Instructions for the task. Exactly as they appear, copy the lines from the one holding "Property for sale" through the end of the records, leaving pictures out.

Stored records
------------------------------

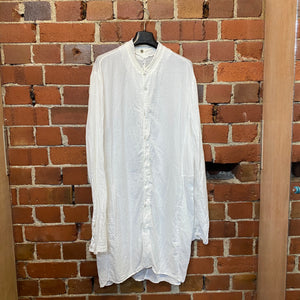 TRANSIT UOMO Italian linen shirt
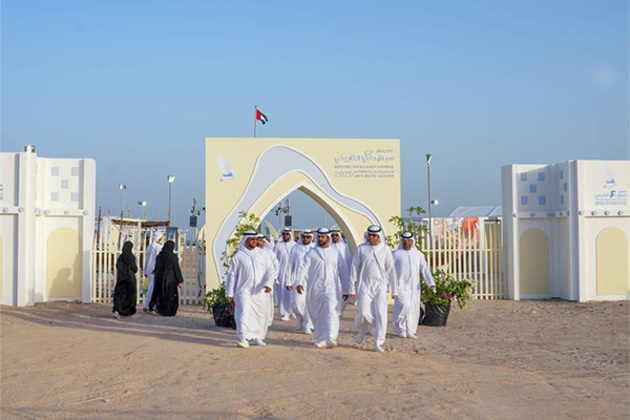 8th Historic Dalma Race Festival features rich cultural legacy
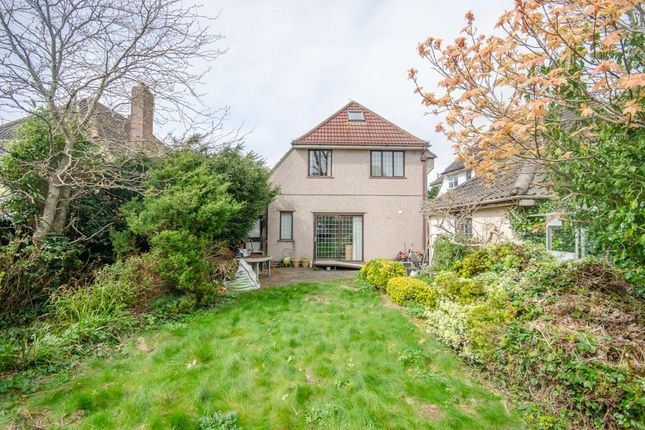 Property for sale in Cleeve Lawns, Downend, Bristol
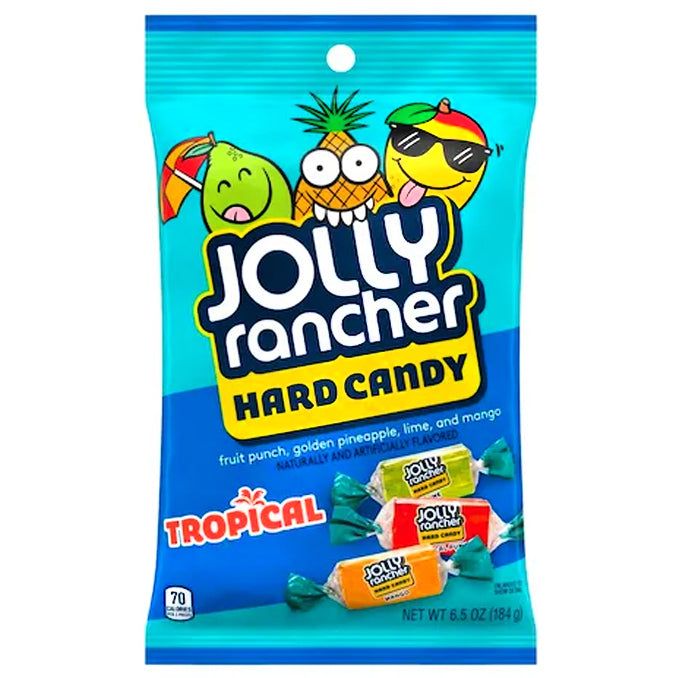 Jolly Rancher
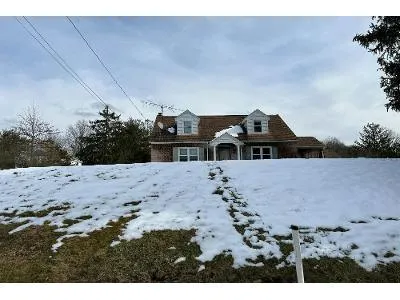 Geryville Pike for Sale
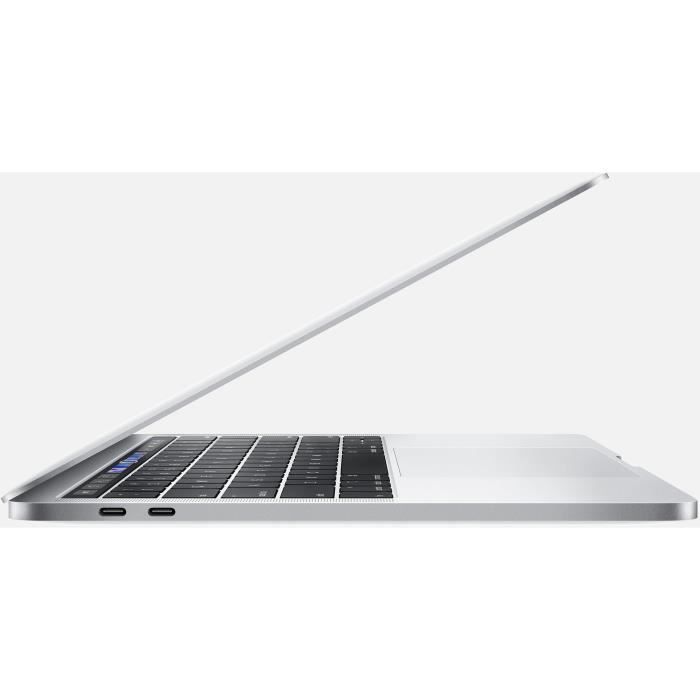 Apple - 13" MacBook Pro Touch Bar - 128Go1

------------------------------

Reply to the task.
 Property for sale in Cleeve Lawns, Downend, Bristol
 Jolly Rancher
 Geryville Pike for Sale
 Apple - 13" MacBook Pro Touch Bar - 128Go1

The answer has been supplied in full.